## WHAT YOU SHOULD DO
Given the records below, would you repeat exactly the lines that begin at the one containing "Mercedes w203 station" and end at the one containing "Premier Equine Tall", inclusive?

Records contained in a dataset
- Opening Delimiter -
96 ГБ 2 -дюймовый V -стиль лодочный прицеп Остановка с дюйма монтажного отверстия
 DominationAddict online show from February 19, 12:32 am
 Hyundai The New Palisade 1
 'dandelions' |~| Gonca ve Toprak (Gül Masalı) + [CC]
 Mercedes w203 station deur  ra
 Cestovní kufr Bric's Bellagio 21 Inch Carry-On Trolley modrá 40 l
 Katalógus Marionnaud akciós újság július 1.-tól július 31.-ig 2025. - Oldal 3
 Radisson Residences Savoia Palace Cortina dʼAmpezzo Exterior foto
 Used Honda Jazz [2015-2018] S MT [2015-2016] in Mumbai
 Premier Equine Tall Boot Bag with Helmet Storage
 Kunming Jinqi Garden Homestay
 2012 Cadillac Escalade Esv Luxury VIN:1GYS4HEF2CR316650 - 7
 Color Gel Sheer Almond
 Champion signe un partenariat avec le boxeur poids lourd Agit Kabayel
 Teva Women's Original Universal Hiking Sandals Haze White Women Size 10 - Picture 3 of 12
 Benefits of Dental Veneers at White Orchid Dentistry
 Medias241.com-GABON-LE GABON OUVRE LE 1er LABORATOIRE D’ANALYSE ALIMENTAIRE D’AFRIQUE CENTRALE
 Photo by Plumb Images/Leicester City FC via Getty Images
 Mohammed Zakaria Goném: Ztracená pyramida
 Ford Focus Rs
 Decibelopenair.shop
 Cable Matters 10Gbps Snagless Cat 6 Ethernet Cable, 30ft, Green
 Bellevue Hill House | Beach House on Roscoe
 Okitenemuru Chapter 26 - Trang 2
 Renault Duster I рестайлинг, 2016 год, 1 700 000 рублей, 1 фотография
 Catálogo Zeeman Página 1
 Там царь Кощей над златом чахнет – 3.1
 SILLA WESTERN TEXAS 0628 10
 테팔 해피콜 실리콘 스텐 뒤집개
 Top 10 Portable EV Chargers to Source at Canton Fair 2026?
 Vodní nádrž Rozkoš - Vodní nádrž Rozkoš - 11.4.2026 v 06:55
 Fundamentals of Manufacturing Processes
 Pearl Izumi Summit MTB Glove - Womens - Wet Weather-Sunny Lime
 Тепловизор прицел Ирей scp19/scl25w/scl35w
- Closing Delimiter -
## SOLUTION BELOW
 Mercedes w203 station deur  ra
 Cestovní kufr Bric's Bellagio 21 Inch Carry-On Trolley modrá 40 l
 Katalógus Marionnaud akciós újság július 1.-tól július 31.-ig 2025. - Oldal 3
 Radisson Residences Savoia Palace Cortina dʼAmpezzo Exterior foto
 Used Honda Jazz [2015-2018] S MT [2015-2016] in Mumbai
 Premier Equine Tall Boot Bag with Helmet Storage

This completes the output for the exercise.